A group of private investors and corporate sponsors enabled the start of the accelerator. At the beginning the accelerator had only two people running it; the CEO responsible for partnerships and the program director responsible for cohorts, programs and ecosystem development. Both of them had personally seen the difficulties for edtech startups during their earlier careers. The accelerator found premises in an old building next to the university of Helsinki and the faculty of educational sciences. The closeness to the pedagogical research and teacher education was an appropriate place for an edtech accelerator.

4.2 Growing community

The first cohort started in spring 2016. The first cohort was a pilot program and implemented through trial and error. It took some rounds until the program reached the level where it was more or less replicated the way it was conducted for a previous cohort. The quality of the startups and competitive process in the selection (European accelerator summit, 2016) are critical for any accelerator. Parallel to the growing awareness and recognition in the Finnish market, the accelerator had from the beginning interested applicants from abroad as well as locally. The selection criteria covered usual questions like: how convincing is the startup team? In addition, one of the key selection criteria included the ability to convey the pedagogical impact of the product.

At the beginning the CEO and the program manager did a great deal of personal marketing to attract interesting and potential startups to apply for the cohorts. The word-of-mouth effect spread relatively fast and startups collaborating with corporate partners or other significant corporate stakeholders started to hear recommendations for the accelerator. In addition to the business relationships, the personal contacts of the startups like other entrepreneurs and even friends were also a channel of information. The events and contacts to the export promotion programs provided also a gate to the accelerator.

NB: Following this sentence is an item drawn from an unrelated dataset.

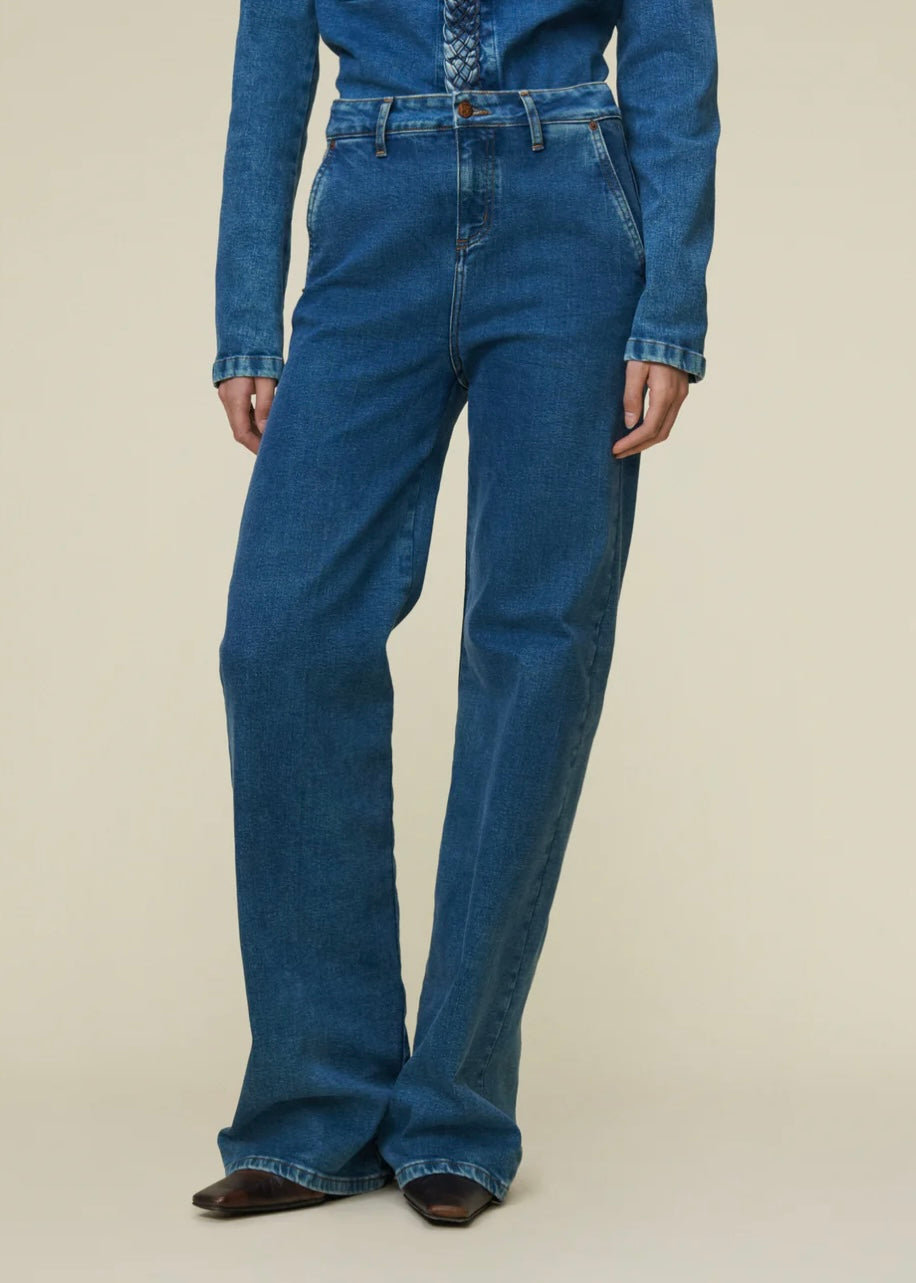 Silvia Den The Stone Green Stone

The modules of the program in the edtech accelerator consist of usual accelerator training modules, for example, business development and communication (Pauwels et al., 2016) apart from the co-creation and pedagogy, which is a sector driven specialty of the edtech accelerator. The pedagogy part is related to the specific industry sector and the Finnish environment. The heavy emphasis on pedagogy is unique in international comparisons and it stems from the strengths of the Finnish teaching environment.

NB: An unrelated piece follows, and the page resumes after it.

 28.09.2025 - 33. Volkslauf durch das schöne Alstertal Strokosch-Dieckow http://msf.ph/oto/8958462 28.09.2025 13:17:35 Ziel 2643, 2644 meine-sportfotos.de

The accelerator also soon realized they have to take an active role in building up a community of alumni. The alumni network is maintained through publishing newsletters, sharing success stories, communicating in the social media, organizing events, and inviting alumni startups to the accelerator whenever there is an event or gathering that could be useful. In addition, there are social events like barbeque parties and Christmas parties.

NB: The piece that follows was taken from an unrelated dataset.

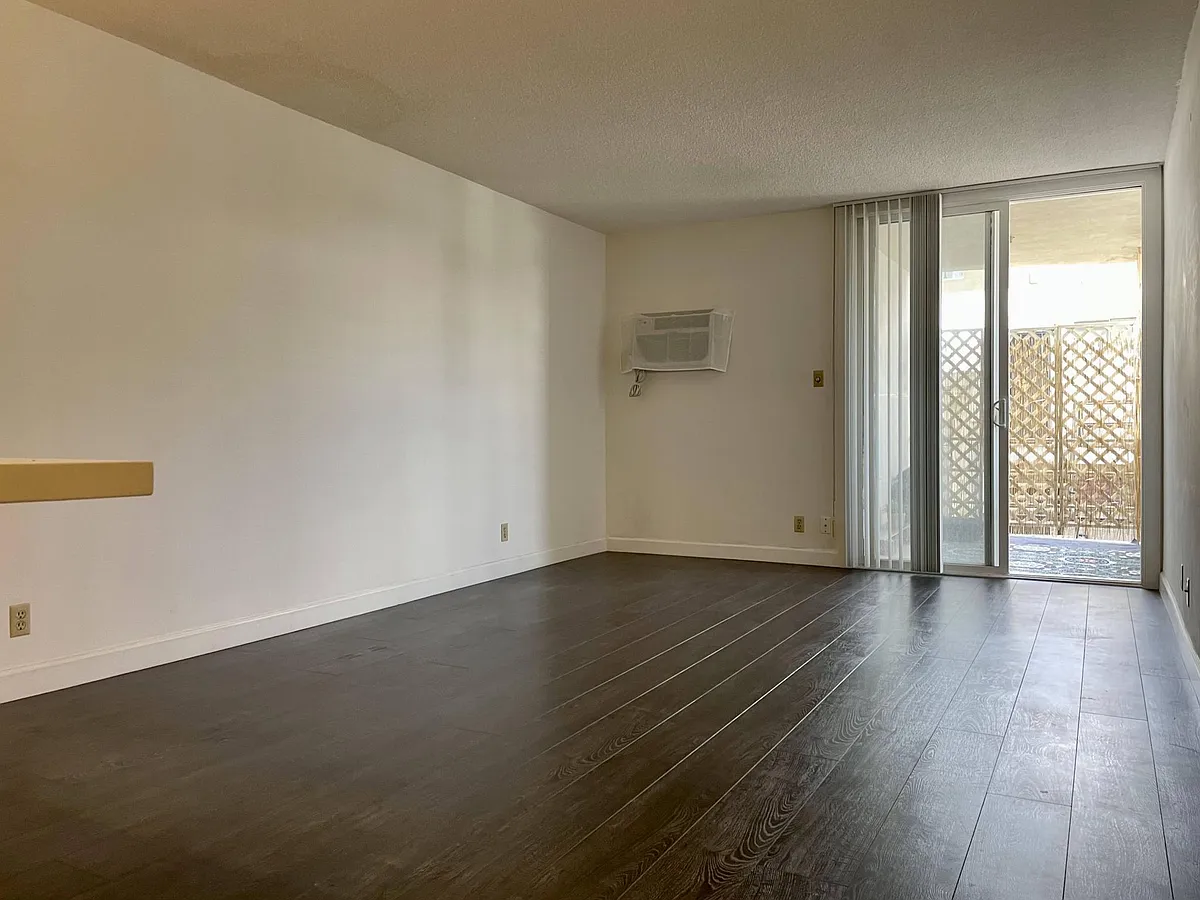 Spacious living room with premium hard wood flooring - 320 S Gramercy Pl #210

“Well, we have enjoyed their networks the whole last year and this year as well. As alumni we get invitations to everything. This is a strong ecosystem… now we notice concretely that this has developed to a fine ecosystem. We have international visibility and through them new opportunities. You just need to be actively involved yourself.“ – Startup entrepreneur –

The role of a specialized accelerator is to enable insightful and useful encounters. Having an in-house office links a startup closer to the alumni network and serendipitous encounters with peers in comparison to the startups that are located elsewhere. However, it seems that even though the startups create close connections to each other during the program and would be willing to be an active member of the community, many startups do not have time in the long run to be as involved in the accelerator networks as they would like to be.

In addition to the ´power of peer support´ an essential part of the growing community are the accelerator networks: corporate partners, investors and mentors. In addition, in the edtech accelerator it included the public sector partners enabling co-creation and testing the solutions and also international partnerships. The sector specificity and the strong emphasis on pedagogics shows in the profiles of the mentors that represent business and technology but also the field of education.

4.3 Ecosystem development

The findings of this study clearly indicate that all the involved parties stress the role of an accelerator as an ecosystem builder. The viewpoints from startup entrepreneurs stress that it is important to be active and interestingly the serendipitous encounters are highlighted. Fostering serendipitous encounters for nascent entrepreneurs through support mechanisms has caught recent research attention as well (Busch & Barkema, 2020).

“a good accelerator ecosystem is actually most of all enabling right kind of serendipitous encounters” – Startup entrepreneur –

In addition to the usual accelerator networks, the management of the accelerator soon realized they needed to build up networks, which would enable co-creation at the public-private interface with educational institutions. From the schools´ point of view the co-creation and testing enhance the digital transformation at schools while teachers and students are having access to the latest innovations. From the municipality´s point of view, the accelerator took the initiative and speeded up the process of creating a systematic approach to the collaboration between schools and startups and once completed, the systematic approach benefits the whole entrepreneurial ecosystem of Finnish edtech companies, not only the accelerator startups. Collaboration has not been emphasized in accelerator studies; however, the literature on business associations highlights collaboration (Wang & Tan, 2019).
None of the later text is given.